Following my last column, three readers emailed me they agree it would make sense if all nations’ leaders would stop spending $$Trillions on weapons of mass destruction with which to repeatedly – century after century – kill many of each other’s country’s citizens.
The rest remained silent.
Do you suppose most of you also agree with the above proposition? Or do you suppose some still support the national policies of all our countries spending massive $$Trillions continually, confirming war as the acceptable means of resolving our political problems?
Have you ever seriously considered this question?
One reader pointed out to me that the problem with the idea of us citizens lobbying our leaders to consider the question, is the fact that “so many people” will have to be convinced of the idea. Well, yes. That is the issue.

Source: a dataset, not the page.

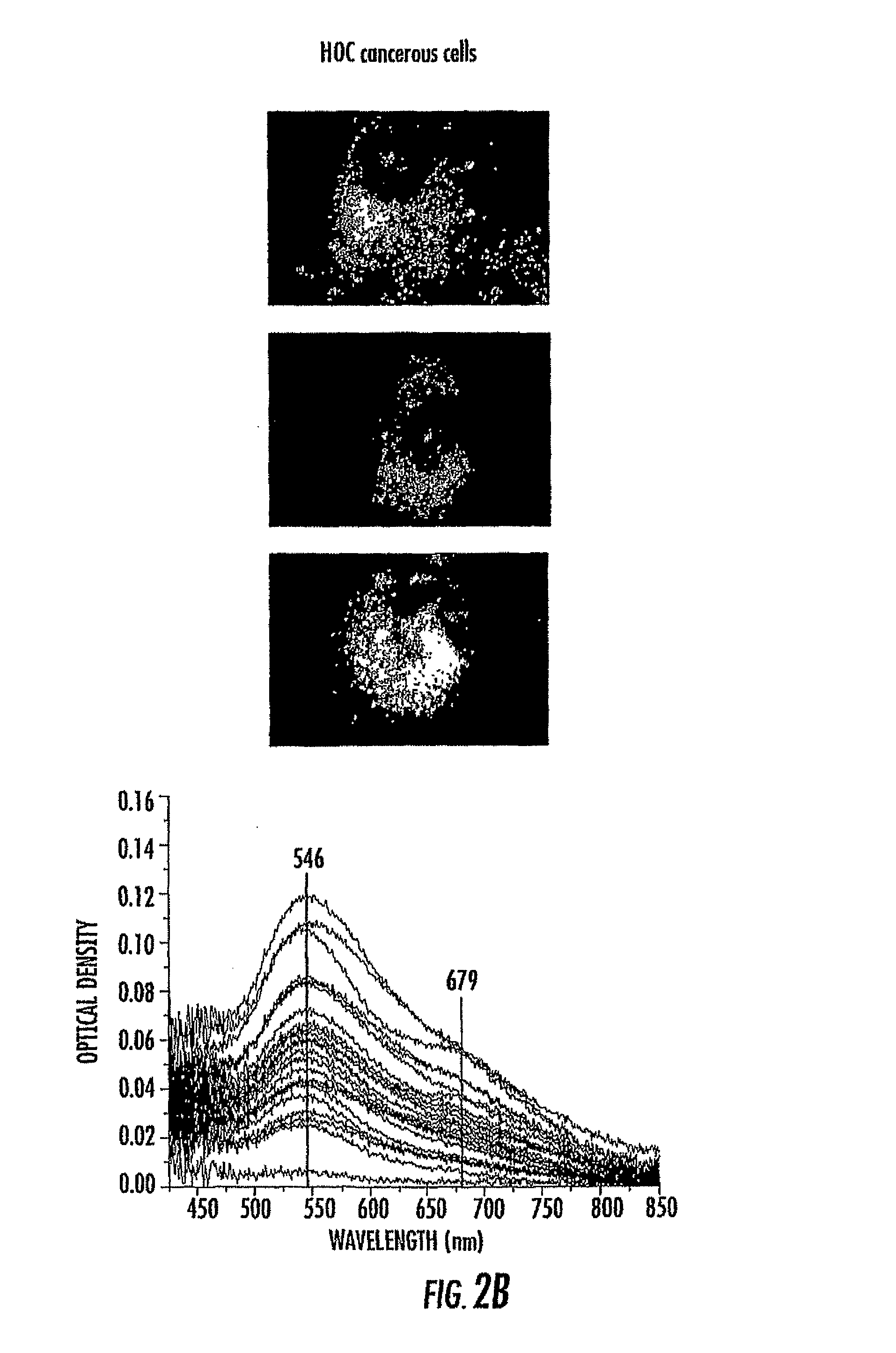 Shape tunable plasmonic nanoparticles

Put in simpler terms, I suggest for the preceding to occur, we all must first stop thinking and behaving as consumers – and become citizens willing to protest our many governments’ war policies. For us, specifically, that means questioning our own U.S. government’s war policy.
That is the real crux of our personal national situation, I believe.

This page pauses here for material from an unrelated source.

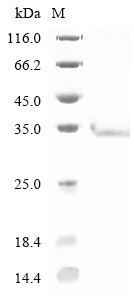 Mouse Rtn3 Protein蛋白，orb147732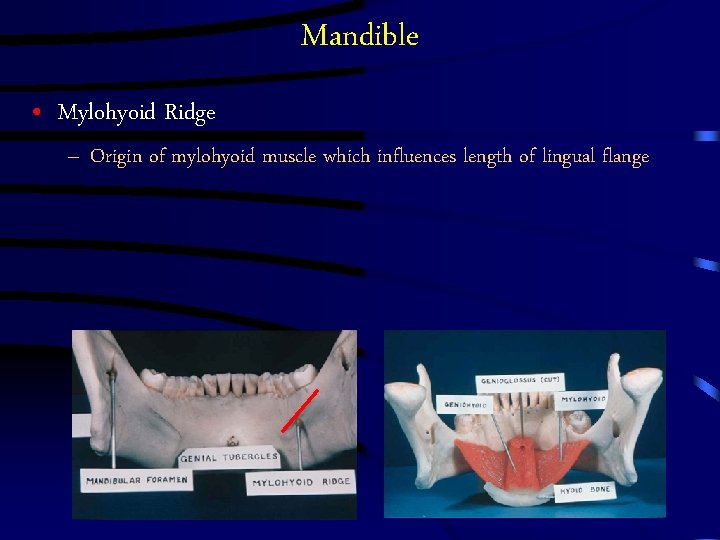 Mandible • Mylohyoid Ridge – Origin of mylohyoid muscle which influences length of lingual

We, our country’s relatively “financially adequate” people, have allowed ourselves to become consumers, rather than U. S. citizens. And our poor citizens are required by us to pay the short-term bill for our silence to the acceptable concept of institutionalized war.
That is an intriguing syllogism, is it not?

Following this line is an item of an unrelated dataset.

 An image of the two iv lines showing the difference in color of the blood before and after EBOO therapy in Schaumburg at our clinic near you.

A syllogism, should you have misplaced its definition, is a form of trying to think logically. And logical thinking can be defined as a means of lengthening our existence, rather than encouraging its eventual, potentially tragic, abrupt end – which we seem passionately bent on doing.
My reader expressing the necessity of getting “so many people” convinced of the idea, also pointed out that – in the meantime – we should win the war in Ukraine. Which brings us obliquely to F. Scott Fizgeralds’ definition of “Intelligence” – the capacity for a person to envision two opposing thoughts at the same time.
Our two opposing thoughts are to:
- Maintain an active, working military, while
- Pursuing equally strong the pursuit of a long-term international rejection of national weapons of mass destruction and war as rational means of solving political problems – which they clearly are not.
May we now vote again?
How many of you think this over-all concept is worth pursuing; the simple lobbying, by us, of our own U.S. government, to consider engaging in this two-pronged policy of sustaining short-term war versus the long-term policy of persuading all nations to vote and agree on making war internationally illegal?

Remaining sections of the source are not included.